William Blake: The Lamb, The Tyger, The Chimney-Sweeper / from Songs of Innocence and Songs of Experience

Certainly click on the image.

This is sort of a special request, a response to some e-mails that mentioned the recent posts of William Blake's images of Satan, God and Hell. My correspondent is a talented young artist, and has kindly given me permission to blog some of his work. Watch This Space.

William Blake was synesthetic. He did not -- he probably could not -- separate his poems from the illustrations he engraved of and for them. Specifically, he did not want readers to receive his poems in the ordinary typographical way of black alphabetic text on white paper. Though the words were sublime, they were just a small part of what he was trying to communicate to the World. The other part was the magnificent visual imagery and symbology intended to inform the viewer as much as the words, to form a unity of communicating.

These are perhaps his two most famous poems, "The Lamb" and "The Tyger," from his remarkable books

Songs of Innocence
and
Songs of Experience

Shewing the Two Contrary States
of the Human Soul

Blake published "Innocence" in 1789, and published "Experience" in a single volume with "Innocence" in 1794.

I've also tossed in the text alone of his poem "The Chimney-Sweeper."

In his lifetime (1757-1827), Blake was not well known. His poetry was entirely different from the popular English poetry of his day, and his art was just as alien from the popular painting and visual art of England and Europe. In both poetry and art, he was largely self-taught and self-schooled. Although he was apprenticed as a boy, by his own wish, to an engraver, as he matured he invented entirely new techniques of engraving and art.

His achievements did not come to widespread attention until literary and art critics rediscovered and began writing about his work in 1863, long afer Blake had died. Now both the art and the poetry are recognized as profoundly important, lasting and influential achievements.

Some poems that were part of "Songs of Innocence" were originally published when Blake was 15. It took Blake some years to realize that they were more significant than just the first attempts of an adolescent to write poetry. Blake is unique in English poetry in his lifelong vision of the World as seen through a child's mind and sensibilities. To Blake, this is not a vision of the world to mature beyond. It was a profoundly important way of seeing the World that most adults simply dismissed -- without ever really examining the reasons for dismissing the child's vision of the World.

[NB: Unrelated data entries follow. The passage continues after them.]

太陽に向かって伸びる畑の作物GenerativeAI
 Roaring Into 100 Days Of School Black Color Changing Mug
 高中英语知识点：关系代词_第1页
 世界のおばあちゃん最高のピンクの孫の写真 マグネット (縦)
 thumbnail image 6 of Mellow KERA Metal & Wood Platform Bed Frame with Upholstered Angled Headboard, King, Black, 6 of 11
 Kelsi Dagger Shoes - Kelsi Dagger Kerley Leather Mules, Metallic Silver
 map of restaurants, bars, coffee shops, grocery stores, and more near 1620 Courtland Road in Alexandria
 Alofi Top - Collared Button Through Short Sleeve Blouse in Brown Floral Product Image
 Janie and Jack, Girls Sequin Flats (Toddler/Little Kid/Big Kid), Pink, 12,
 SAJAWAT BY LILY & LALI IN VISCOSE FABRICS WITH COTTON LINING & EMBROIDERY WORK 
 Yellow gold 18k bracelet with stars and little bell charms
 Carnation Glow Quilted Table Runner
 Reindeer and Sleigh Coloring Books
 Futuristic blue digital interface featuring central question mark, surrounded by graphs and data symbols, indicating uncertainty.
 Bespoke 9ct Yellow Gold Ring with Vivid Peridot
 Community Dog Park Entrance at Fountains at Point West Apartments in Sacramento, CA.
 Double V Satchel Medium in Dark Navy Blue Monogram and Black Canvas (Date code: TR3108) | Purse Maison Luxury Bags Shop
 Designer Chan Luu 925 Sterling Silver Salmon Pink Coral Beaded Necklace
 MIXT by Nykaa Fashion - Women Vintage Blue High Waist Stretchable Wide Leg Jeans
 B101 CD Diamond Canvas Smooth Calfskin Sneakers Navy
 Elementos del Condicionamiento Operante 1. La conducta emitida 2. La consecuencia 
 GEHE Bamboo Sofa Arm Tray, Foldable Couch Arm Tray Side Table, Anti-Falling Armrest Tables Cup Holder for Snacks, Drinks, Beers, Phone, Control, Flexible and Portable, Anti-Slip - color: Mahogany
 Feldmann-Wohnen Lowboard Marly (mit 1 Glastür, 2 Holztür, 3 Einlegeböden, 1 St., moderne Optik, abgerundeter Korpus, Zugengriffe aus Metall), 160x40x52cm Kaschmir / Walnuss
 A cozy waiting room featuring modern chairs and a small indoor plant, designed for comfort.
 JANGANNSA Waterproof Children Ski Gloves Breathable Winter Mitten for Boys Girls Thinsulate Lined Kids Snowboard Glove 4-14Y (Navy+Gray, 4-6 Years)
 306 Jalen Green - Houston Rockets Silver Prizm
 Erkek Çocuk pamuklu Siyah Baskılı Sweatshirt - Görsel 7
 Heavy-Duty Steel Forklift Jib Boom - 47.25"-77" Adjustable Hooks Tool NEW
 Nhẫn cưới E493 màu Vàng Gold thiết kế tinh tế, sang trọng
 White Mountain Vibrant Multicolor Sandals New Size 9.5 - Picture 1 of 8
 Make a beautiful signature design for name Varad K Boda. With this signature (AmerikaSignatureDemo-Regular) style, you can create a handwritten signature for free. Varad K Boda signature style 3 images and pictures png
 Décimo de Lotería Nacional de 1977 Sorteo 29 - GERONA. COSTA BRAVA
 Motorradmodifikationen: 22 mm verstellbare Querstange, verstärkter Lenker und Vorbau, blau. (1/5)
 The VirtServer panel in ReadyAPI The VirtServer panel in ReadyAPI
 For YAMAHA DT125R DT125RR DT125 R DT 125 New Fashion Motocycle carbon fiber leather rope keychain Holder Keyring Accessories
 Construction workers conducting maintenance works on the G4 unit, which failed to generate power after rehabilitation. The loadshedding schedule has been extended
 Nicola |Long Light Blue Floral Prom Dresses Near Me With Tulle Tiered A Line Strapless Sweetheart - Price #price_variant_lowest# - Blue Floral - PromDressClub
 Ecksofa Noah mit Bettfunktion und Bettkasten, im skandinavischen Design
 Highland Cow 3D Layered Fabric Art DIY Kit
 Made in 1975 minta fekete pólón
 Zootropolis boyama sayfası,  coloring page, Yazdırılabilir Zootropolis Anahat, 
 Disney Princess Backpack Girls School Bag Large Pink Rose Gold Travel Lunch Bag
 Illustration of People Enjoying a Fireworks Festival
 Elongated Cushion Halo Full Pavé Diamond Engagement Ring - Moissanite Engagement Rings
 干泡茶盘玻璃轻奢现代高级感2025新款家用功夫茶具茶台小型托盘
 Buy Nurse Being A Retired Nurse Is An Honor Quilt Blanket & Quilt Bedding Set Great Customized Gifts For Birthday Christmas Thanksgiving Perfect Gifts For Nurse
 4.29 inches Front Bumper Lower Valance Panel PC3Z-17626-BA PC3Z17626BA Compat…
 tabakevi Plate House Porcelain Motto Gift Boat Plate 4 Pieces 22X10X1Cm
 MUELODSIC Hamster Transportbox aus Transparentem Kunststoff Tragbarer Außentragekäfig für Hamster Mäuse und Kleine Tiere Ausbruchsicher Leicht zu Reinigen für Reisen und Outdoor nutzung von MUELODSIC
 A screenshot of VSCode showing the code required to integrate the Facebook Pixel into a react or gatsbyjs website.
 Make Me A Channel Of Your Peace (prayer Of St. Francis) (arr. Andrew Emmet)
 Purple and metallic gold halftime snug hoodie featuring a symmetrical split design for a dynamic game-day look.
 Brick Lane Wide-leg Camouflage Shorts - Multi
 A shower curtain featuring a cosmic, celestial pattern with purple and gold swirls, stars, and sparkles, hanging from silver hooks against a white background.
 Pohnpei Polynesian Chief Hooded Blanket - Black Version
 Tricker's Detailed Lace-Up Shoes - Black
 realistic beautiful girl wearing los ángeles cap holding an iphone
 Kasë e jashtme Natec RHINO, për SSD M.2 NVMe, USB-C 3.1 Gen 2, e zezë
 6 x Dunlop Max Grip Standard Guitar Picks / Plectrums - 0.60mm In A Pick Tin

But as Blake grew into adulthood, he began to take an adult's notice of the realities -- the harsh and grim and brutal realities of This World, and its political and social consequences and implications. This is the world of "Songs of Experience."

~ ~ ~


The Lamb

Little Lamb who made thee
Dost thou know who made thee
Gave thee life & bid thee feed,
By the stream & o'er the mead;
Gave thee clothing of delight,
Softest clothing wooly bright;
Gave thee such a tender voice,
Making all the vales rejoice:
Little Lamb who made thee
Dost thou know who made thee

Little Lamb I'll tell thee,
Little Lamb I'll tell thee;
He is called by thy name,
For he calls himself a Lamb:
He is meek & he is mild,
He became a little child:
I a child & thou a lamb,
We are called by his name.
Little Lamb God bless thee,
Little Lamb God bless thee.


~ ~ ~

The Tyger

Tyger Tyger, burning bright,
In the forests of the night;

What immortal hand or eye,
Could frame thy fearful symmetry?

In what distant deeps or skies,
Burnt the fire of thine eyes?
On what wings dare he aspire?
What the hand, dare sieze the fire?

And what shoulder, & what art,
Could twist the sinews of thy heart?
And when thy heart began to beat,
What dread hand? & what dread feet?

What the hammer? what the chain,
In what furnace was thy brain?
What the anvil? what dread grasp,
Dare its deadly terrors clasp?

When the stars threw down their spears,
And water'd heaven with their tears:
Did he smile his work to see?
Did he who made the Lamb make thee?

Tyger Tyger burning bright
In the forests of the night:
What immortal hand or eye,
Dare frame thy fearful symmetry?

~ ~ ~

The Chimney-Sweeper

When my mother died I was very young,
And my father sold me while yet my tongue
Could scarcely cry ‘Weep! weep! weep! weep!’
So your chimneys I sweep, and in soot I sleep.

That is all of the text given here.